Dynamics: Angular Acceleration of Rods Connected to Disk

[vercingortix]

Homework Statement

Bars BC and AB and dish OA are attached by a pin like in the picture. The dish has a constant angular velocity $\omega\_{0}$. Find the angular acceleration of bars BC and AB.

Homework Equations

Relative Motion Equations:
v$_{b}$=v$_{A}$+v$_{A/B}$
a$_{B}$=a$_{A}$+$\alpha_{A}$Xr$_{B/A}$-$\omega^{2}$r$_{B/A}$

The Attempt at a Solution

So far, I have this written down:

V$_{A}$=$\omega$r
a$_{A}$=V$_{A}$$^{2}$/r=$\omega^{2}$r

a$_{B}$=$\alpha_{BC}$Xr$_{BC}$-$\omega_{BC}^{2}$r$_{BC}$

Still just fumbling over these equations.
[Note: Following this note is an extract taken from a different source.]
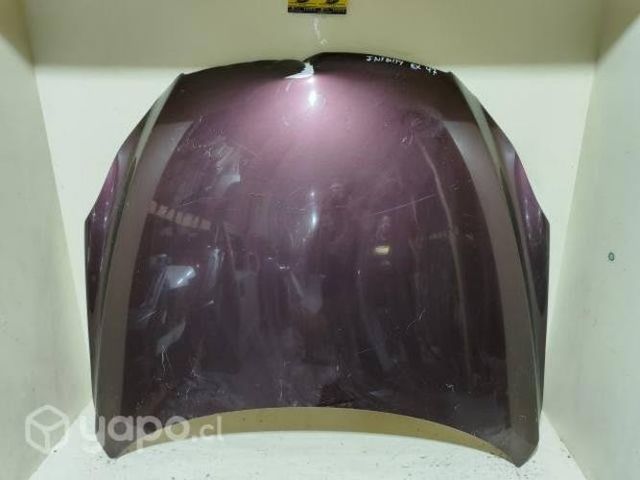 Capot Infiniti EX /rgd01m02j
Any help is appreciated.

 

[tiny-tim]

welcome to pf!

hi vercingortix! welcome to pf!

(have a theta: θ and an omega: ω )

(centripetal acceleration is irrelevant)

ω = (v_P - v_Q)/PQ

so find v_B as a function of θ ​

 

[vercingortix]

That equation looks foreign to me. What I'm currently trying to do is solve for angular acceleration of the bar by knowing the omega and accelerations of both A & B. Something like the second equation in my original post. I'm very lost.

 

[tiny-tim]

hi vercingortix!

ω = |v_P - v_Q]/PQ

and

α = |a_P - a_Q|/PQ

are the definitions of angular speed and acceleration

so find the x,y components of B as a function of θ, and differentiate to get v_B and a_B ​